Com ações de inclusão, lideradas pelo Núcleo de Ações Afirmativas, o Esporte Clube Bahia vai muito além do discurso. Planos de sócio popular, camiseta oficial por R$ 99, campanhas contra racismo, homofobia, machismo e intolerância religiosa são só alguns dos movimentos tomados pela diretoria do Bahia para alavancar o clube no cenário nacional. O atual presidente do Bahia, Guilherme Bellintani, assumiu em dezembro de 2017 e logo no começo de 2018 criou o grupo responsável por discutir as ações que fortaleceram a identidade do Bahia como um clube popular.

- Nossa torcida é muito popular, muito diversa. Ricos, pobres, negros, brancos, gays, héteros, trans... Nossa torcida tem tudo.
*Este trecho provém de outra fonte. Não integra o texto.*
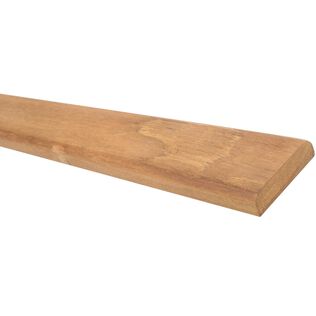 Teak Batten, 3/8"H x 1 7/16"W x 5'L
E a gente precisava de um processo de comunicação que fizesse a torcida se sentir integrada. O futebol é um ambiente muito masculino, muito preconceituoso, comumente é um canal de difusão de ódio. Uma série de circunstâncias que o ser-humano tem e aproveita o futebol para canalizar negativamente. A gente busca com o Núcleo de Ações Afirmativas justamente o contrário. Fazer com que essas pessoas não se sintam excluídas do dia a dia do futebol. Queremos que eles se sintam acolhidos e protegidos. Seja mulher, gay, negro, indígena - disse o presidente Bellintani ao LANCE!.

Composto por sócios, conselheiros e funcionários do clube, o Núcleo de Ações Afirmativas começa o debate sobre os temas que podem ser abordados pelo clube. Dependendo do assunto, a diretoria convida estudiosos e pessoas de movimentos sociais para o debate, como foi o caso das ações do Novembro Negro, em 2018, quando o clube homenageou diversos heróis negros da história do Brasil - como Dandara, Zumbi dos Palmares, Luísa Mahin e Marielle Franco - e chamou professores universitários e militantes de movimentos negros para os debates. O mesmo aconteceu em abril deste ano, quando o clube convidou pessoas do movimento indígena para promover as ações pela demarcação de terras indígenas.

Guilherme Bellintani
Bellintani, presidente do Bahia, com camisas lançadas (Divulgação)

Outra causa muito defendida pelo clube é a luta contra o machismo no futebol. Para isso, a diretoria conversou um grupo de torcedoras - as “Tricoloucas” - para promover ações dentro da Arena Fonte Nova e nas redes sociais do clube. No estádio, o clube criou a “Ronda Maria da Penha”, com panfletagem para conscientização contra o assédio sobre mulheres e, numa parceria com a Polícia Militar, aumentou o número de policiais femininas dentro da Arena.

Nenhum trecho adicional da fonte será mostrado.